Image-caption web data
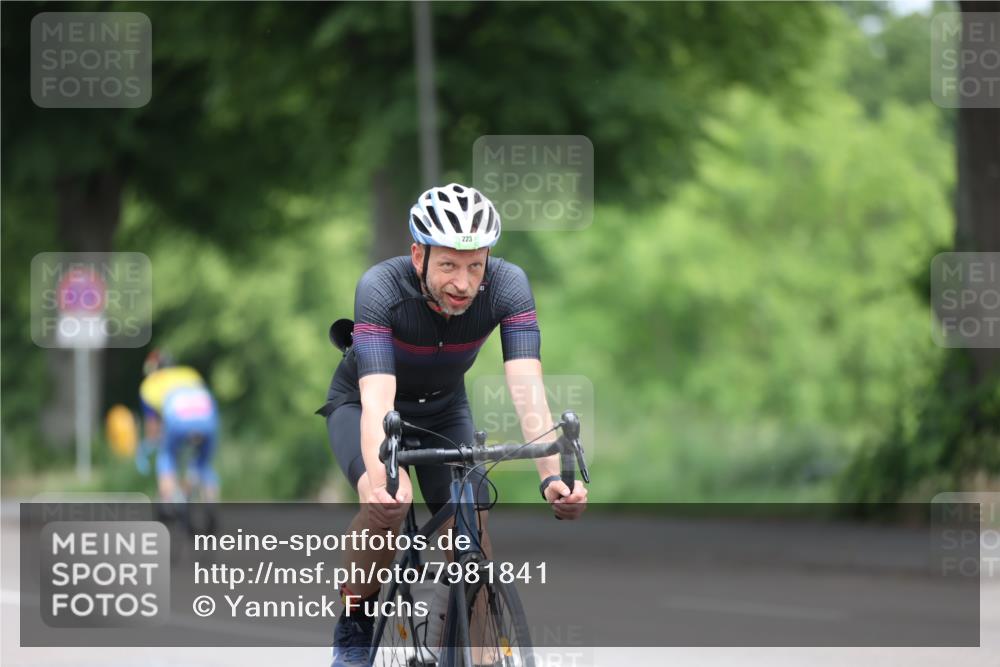 15.06.2025 - 7 Türme Triathlon Yannick Fuchs http://msf.ph/oto/7981841 15.06.2025 11:26:30 Radfahren 223, 281 meine-sportfotos.de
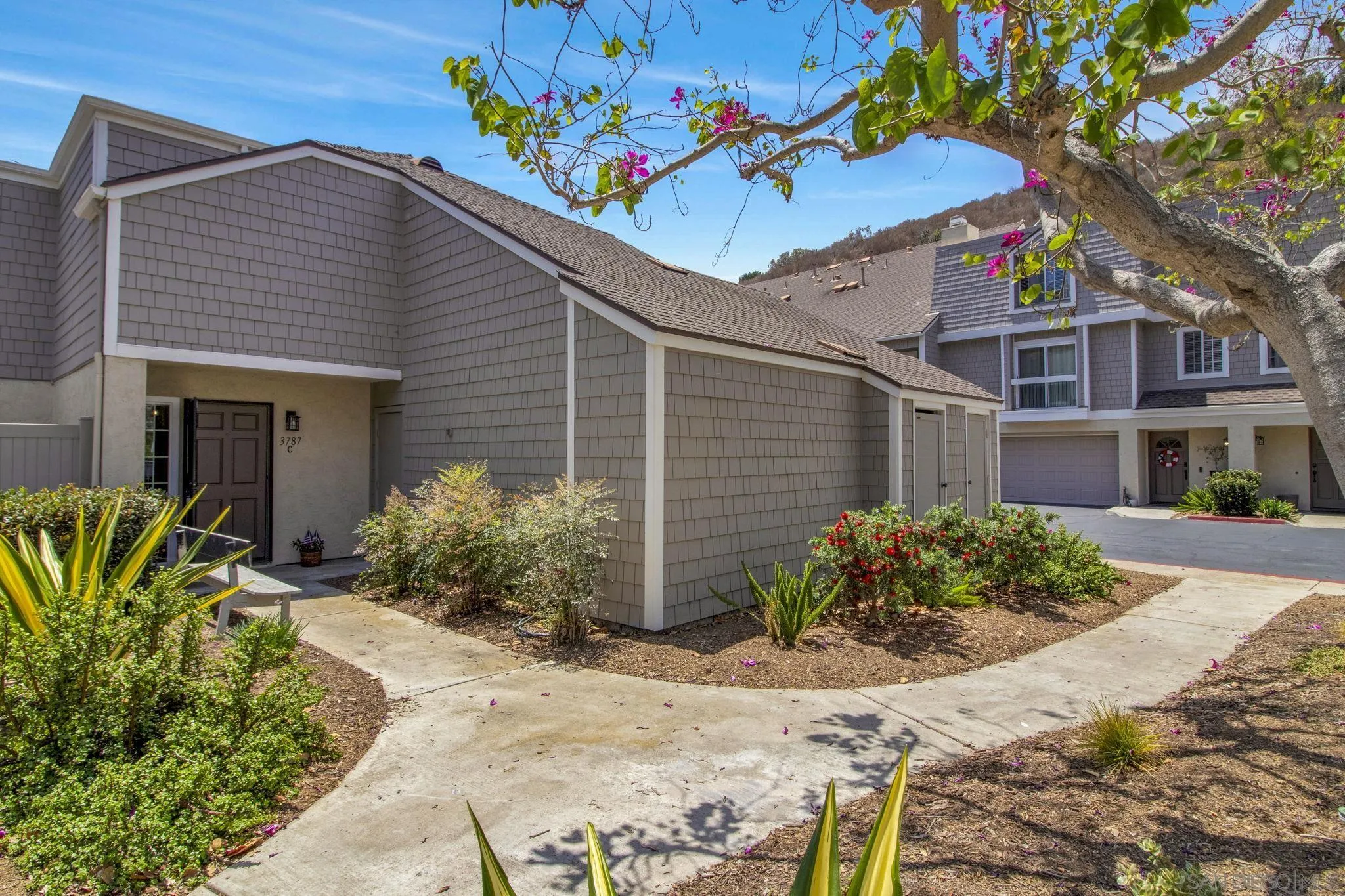 Photo #1: 260017387 Listing: Photo #1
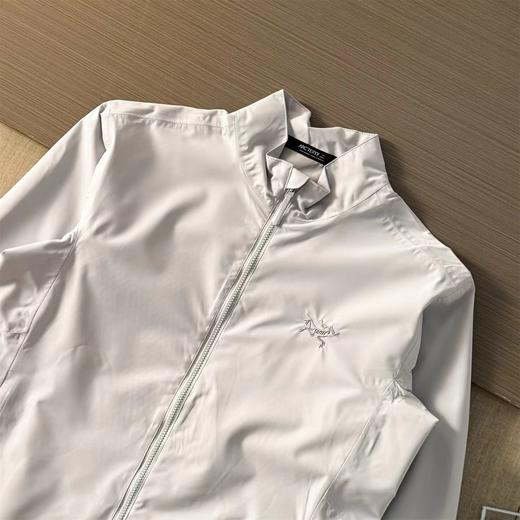 F033143春夏季新款户外防风防雨刺绣防风休闲日常软壳立领夹克长袖外套 商品图7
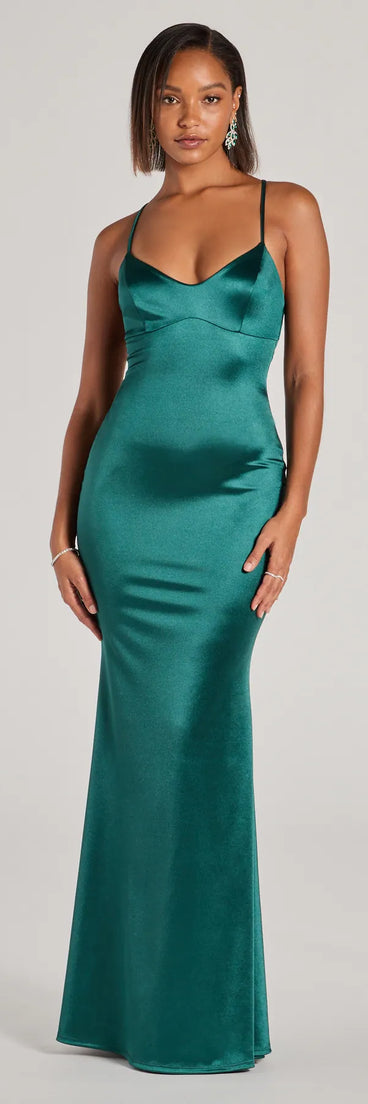 Turn heads at Prom 2025 in this hunter green prom dress, where statement-making details meet the iconic style of the Emmie Lace-Up Mermaid Satin Formal Dress .
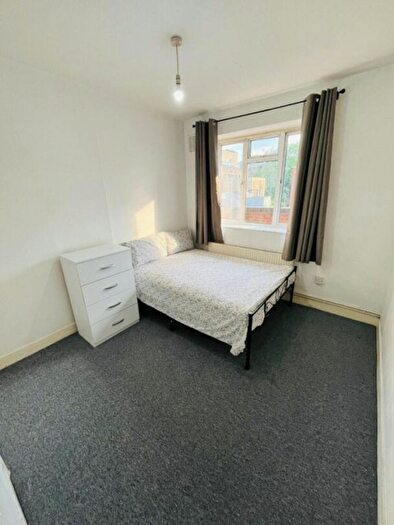 4 Bedroom Flat To Rent In Kilburn Vale, London, NW6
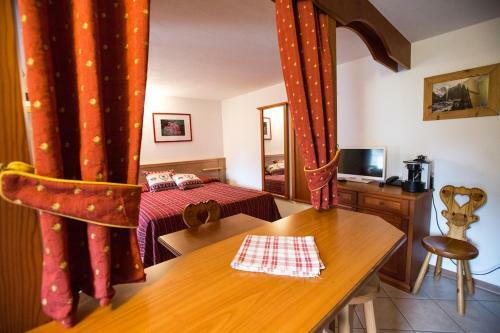 Hotel Residence Ch�teau Royal - Self Catering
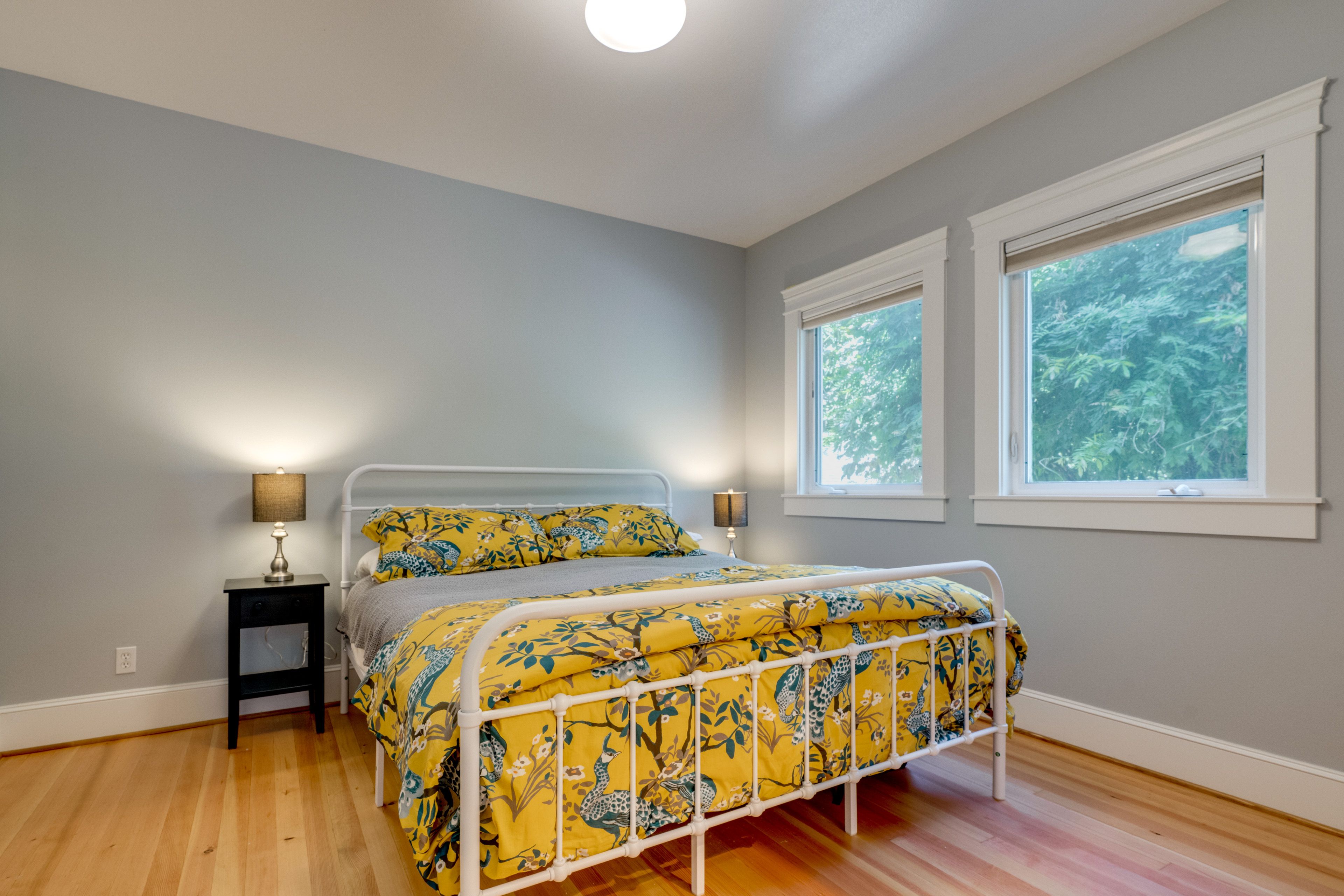 Bedroom 1 | King Bed | 1st Floor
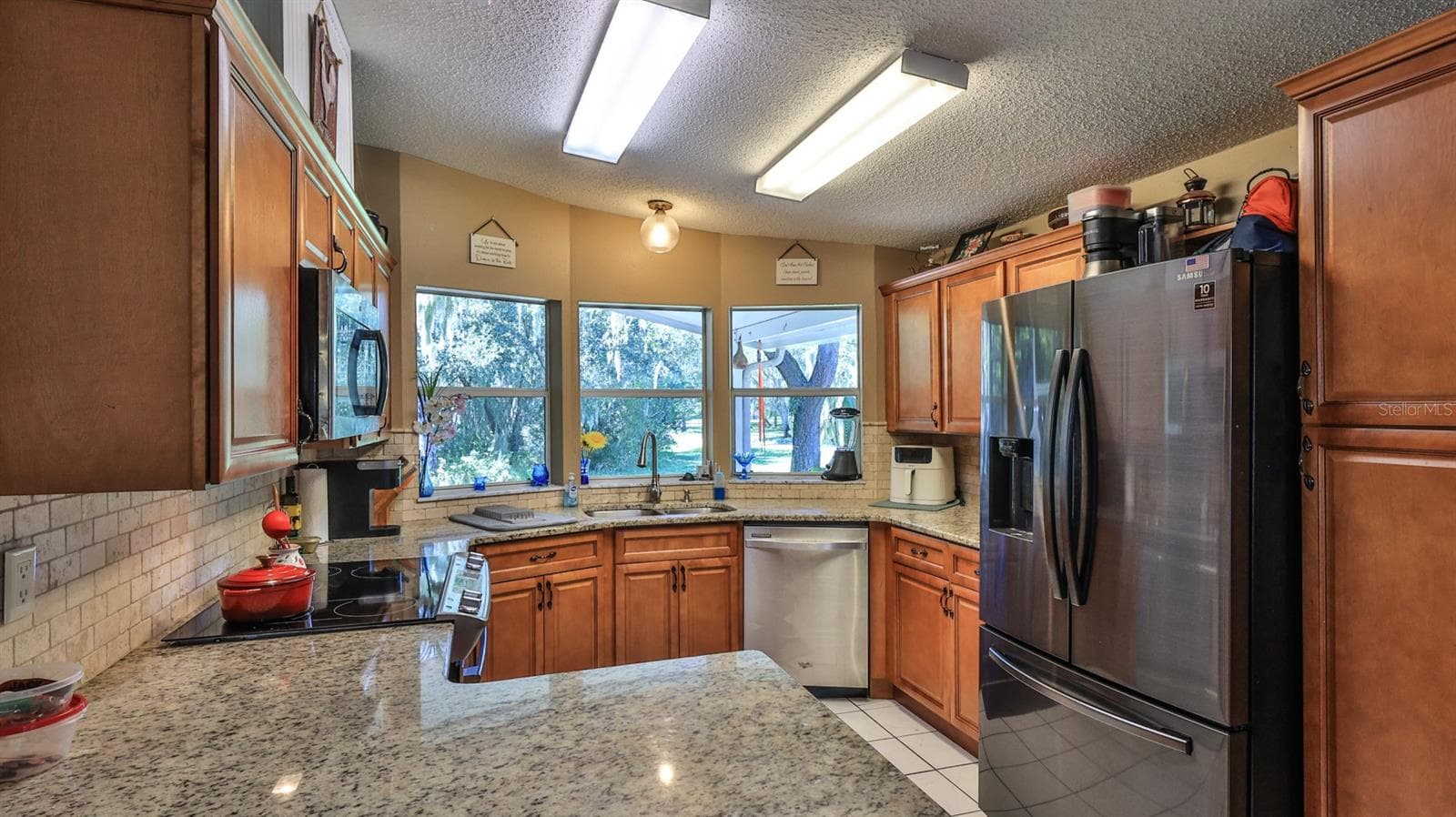 Manufactured Home at 494 SIOUX BLVD, OAK HILL, photo 14 of 63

PROBLEM STATEMENT
Where a line contains "Hotel Residence Ch�teau", begin there and set down exactly each line through the end of the data above, omitting any pictures.

SOLVED EXERCISE
 Hotel Residence Ch�teau Royal - Self Catering
 Bedroom 1 | King Bed | 1st Floor
 Manufactured Home at 494 SIOUX BLVD, OAK HILL, photo 14 of 63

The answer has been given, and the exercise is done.